Case $2$: $\tau$ is not the discrete topology. Then there exists $x\in X$ such that $\{x\}$ is not open. Create a new topology $$\tau'=\tau\cup \{A\cup \{x\}:A\in \tau\}.$$ One easily checks that this is a topology. Every $\tau$-open set is $\tau'$ open. Every $\tau'$ open set is at most one point away from a $\tau$-open set. Essentially what we've done is isolate a non-isolated point.
On
It is possible to verify that for any topological space $G$ there are some other topologies which make them countably close to each other, if not then by such assumption it would happen that the axioms of any such topology aren't preserved.
Assume by negation that for $G$ there are no different topologies which are countably close, then take another topological space $G'$ and suppose it's countably close to $G$, it must appear that one of the axioms don't hold.
Each of the open sets $U_1, U_2\subset G'$ are countably close to open sets $V_1, V_2\subset G$ and their union must also be countably close, indeed $\big|(U_1\cup U_2)\vartriangle (V_1\cup V_2)\big|\leq \big|(U_1\vartriangle U_2)\cup(V_1\vartriangle V_2)\big|\leq\aleph_0$
Same thing can be said about the intersection again countably close, hence the axioms of a topology are preserved meaning that there must be countably close topological space $G'$ and the initial assumption is refuted.

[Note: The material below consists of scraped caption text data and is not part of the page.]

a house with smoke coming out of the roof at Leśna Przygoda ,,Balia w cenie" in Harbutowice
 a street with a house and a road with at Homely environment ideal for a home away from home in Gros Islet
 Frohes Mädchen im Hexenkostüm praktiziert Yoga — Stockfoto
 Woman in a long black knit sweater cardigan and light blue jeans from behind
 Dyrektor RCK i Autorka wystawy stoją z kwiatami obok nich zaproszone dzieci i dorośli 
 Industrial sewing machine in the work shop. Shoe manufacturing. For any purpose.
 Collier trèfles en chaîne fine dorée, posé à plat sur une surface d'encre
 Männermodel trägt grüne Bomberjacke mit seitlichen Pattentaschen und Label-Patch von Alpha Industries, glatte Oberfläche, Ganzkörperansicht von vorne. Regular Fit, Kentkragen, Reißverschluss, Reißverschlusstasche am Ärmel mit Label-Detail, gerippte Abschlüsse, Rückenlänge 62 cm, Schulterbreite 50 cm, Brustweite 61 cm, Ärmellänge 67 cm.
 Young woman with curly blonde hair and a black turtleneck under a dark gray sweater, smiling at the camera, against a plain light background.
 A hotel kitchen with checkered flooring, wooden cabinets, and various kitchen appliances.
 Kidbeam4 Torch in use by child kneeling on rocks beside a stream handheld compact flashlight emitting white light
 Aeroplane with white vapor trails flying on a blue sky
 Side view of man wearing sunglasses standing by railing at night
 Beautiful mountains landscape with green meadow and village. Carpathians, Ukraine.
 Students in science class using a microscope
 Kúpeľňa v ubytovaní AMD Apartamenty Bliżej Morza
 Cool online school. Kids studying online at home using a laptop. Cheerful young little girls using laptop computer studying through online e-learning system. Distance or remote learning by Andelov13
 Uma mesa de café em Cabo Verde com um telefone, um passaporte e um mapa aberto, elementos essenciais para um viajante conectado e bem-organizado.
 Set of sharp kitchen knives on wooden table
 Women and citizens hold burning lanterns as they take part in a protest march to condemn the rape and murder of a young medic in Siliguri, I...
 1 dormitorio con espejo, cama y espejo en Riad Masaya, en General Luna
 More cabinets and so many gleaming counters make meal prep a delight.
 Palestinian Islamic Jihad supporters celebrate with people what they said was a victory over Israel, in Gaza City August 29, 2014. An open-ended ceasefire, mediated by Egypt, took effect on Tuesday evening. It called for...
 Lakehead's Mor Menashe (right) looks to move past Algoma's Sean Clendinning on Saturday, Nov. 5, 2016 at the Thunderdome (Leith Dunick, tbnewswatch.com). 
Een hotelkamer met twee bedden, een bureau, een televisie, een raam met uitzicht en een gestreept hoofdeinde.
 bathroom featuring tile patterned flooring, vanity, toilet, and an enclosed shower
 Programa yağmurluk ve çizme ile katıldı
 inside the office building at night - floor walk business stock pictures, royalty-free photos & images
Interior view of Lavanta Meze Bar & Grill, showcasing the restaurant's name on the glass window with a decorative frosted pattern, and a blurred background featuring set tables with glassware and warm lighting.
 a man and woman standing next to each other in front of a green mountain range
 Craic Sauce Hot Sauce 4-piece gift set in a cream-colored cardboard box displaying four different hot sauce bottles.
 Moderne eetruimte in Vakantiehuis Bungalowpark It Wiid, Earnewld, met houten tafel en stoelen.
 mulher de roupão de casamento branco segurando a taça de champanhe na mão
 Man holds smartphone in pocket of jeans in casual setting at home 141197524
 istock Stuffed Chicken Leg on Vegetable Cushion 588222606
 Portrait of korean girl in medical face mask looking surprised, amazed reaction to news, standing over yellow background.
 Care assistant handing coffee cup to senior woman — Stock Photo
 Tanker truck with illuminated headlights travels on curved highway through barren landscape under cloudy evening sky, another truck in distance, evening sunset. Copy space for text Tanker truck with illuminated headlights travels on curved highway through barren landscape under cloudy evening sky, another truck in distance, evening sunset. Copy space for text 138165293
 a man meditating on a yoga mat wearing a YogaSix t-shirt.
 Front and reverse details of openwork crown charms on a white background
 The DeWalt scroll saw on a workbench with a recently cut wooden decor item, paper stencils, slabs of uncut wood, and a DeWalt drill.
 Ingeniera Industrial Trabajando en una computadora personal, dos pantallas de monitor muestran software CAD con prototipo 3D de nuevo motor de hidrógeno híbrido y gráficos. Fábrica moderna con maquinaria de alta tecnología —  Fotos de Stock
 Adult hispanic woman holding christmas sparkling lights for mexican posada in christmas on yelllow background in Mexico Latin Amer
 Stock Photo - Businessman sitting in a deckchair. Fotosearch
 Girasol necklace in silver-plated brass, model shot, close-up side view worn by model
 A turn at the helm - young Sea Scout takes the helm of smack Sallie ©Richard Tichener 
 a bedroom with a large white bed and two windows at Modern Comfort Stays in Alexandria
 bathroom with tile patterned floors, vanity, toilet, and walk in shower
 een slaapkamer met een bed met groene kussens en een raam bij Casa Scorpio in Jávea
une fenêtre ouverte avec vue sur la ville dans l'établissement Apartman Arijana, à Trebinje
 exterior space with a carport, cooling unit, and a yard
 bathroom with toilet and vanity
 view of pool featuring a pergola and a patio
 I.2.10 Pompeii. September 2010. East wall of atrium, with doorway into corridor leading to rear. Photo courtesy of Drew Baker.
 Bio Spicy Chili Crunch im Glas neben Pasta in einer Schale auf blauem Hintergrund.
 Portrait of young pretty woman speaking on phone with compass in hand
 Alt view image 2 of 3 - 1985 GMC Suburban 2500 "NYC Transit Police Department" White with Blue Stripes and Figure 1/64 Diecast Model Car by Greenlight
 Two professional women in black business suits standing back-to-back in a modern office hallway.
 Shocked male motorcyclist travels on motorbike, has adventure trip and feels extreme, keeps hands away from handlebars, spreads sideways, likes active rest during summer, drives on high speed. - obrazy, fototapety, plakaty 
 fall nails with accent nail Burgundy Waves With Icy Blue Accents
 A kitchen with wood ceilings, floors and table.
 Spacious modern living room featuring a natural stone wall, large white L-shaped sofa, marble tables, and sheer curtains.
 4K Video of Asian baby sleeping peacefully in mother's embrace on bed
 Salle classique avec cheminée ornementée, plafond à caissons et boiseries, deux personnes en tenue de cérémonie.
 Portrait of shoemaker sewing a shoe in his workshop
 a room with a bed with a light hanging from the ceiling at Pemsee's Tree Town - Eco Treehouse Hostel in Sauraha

tl;dr for any topological space $G_{\tau}=(G, \tau)$ "deform" the topology $\tau$ by removing or adding countably many elements from each set $V\in\tau$ turning it into a new topology $\tau'$ and it's axioms will still be satisfied.
The cocountable topology provides a counter-example. In this topology a set is open iff it is cocountable, i.e., its complement is countable. Removing a countable set from a cocountable subset of an uncountable set gives you a cocountable set, so a topology that is countably close to the cocountable topology must be the same as the cocountable topology.
[EDIT] The above was based on a possible misunderstanding that $V \subseteq U$ was required in the original question. I will revisit the answer.